Работая над диссертацией, Фейерабенд, должно быть, не раз слышал пророческую фразу, которой его отвергли при первой попытке встречи в вестибюле дворца Витгенштейнов: «Господин Витгенштейн слышал о вас, но он не может вам помочь». Как он теперь понимал и демонстрировал в своей диссертации, этот ответ в доме Витгенштейна был адресован в первую очередь не ему, а всему философскому направлению, от имени которого он тогда выступал. А именно – венскому логическому позитивизму. В 1949 году ситуация была такова, что помочь ему было совершенно невозможно!
В его родном городе Фейерабенду не к чему было стремиться в области философии. Равно как и в личной жизни – после развода с Эдельтруд ему захотелось начать всё сначала. Только что окончивший университет с отличными оценками, он использует рекомендательное письмо своего научного руководителя Виктора Крафта для подачи заявки в Британский совет на стипендию в Англии:
Господин Пол Фейерабенд – самый лучший из моих учеников. Он написал отличную диссертацию.

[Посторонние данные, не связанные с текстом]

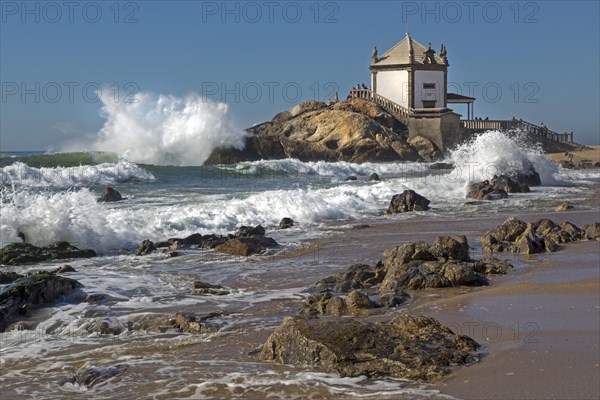 Capela do Senhor da Pedra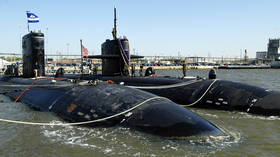 Teacher pleads guilty in plot to sell nuclear submarine secrets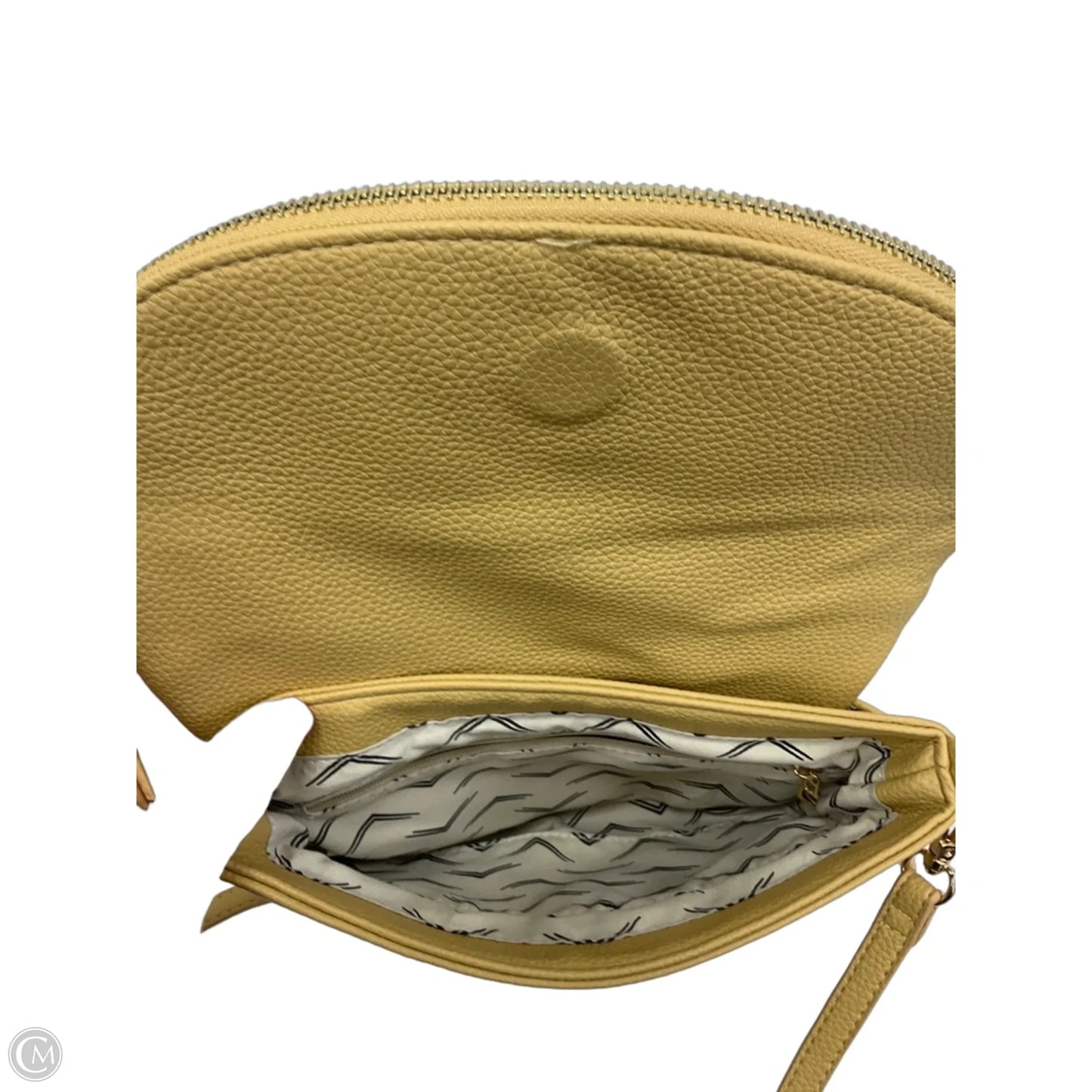 Crossbody By Clothes Mentor, Size: Small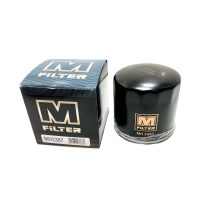 MFILTER öljynsuodatin - oljefilter - õlifilter - oil filter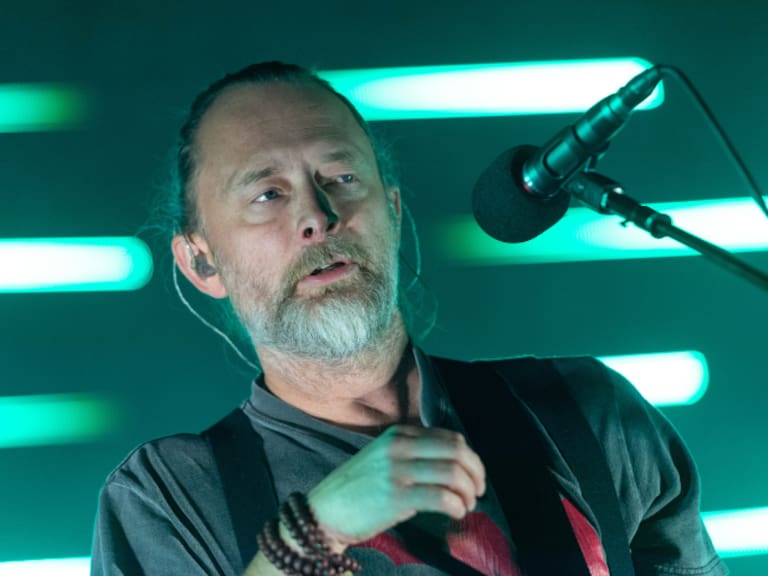 La banda británica Radiohead pidió retirar un video del ICE que utilizó la canción “Let Down” en un mensaje sobre delitos atribuidos a migrantes en Estados Unidos.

Пребывание в Англии было бы особенно полезно для его личного развития [125].
Весной 1950 года Элизабет Энском доверила своему молодому коллеге Фейерабенду еще не опубликованную рукопись «Философских исследований» для углубленного изучения. Поэтому целью Фейерабенда стала учеба у Витгенштейна в Кембридже. Однако в апреле 1951 года Витгенштейн скончался от давнего онкологического заболевания. Поэтому все пути теперь вели в Лондон, к Карлу Попперу и Фридриху Августу фон Хайеку. Лондон – венский запасный выход par excellence.
В конце концов, ему нужно было продолжать заниматься философией и проектом духовного просветления настоящего. Даже если в то время двадцатисемилетний философ – и не только он – не имел ни малейшего представления о том, какими должны быть следующие шаги.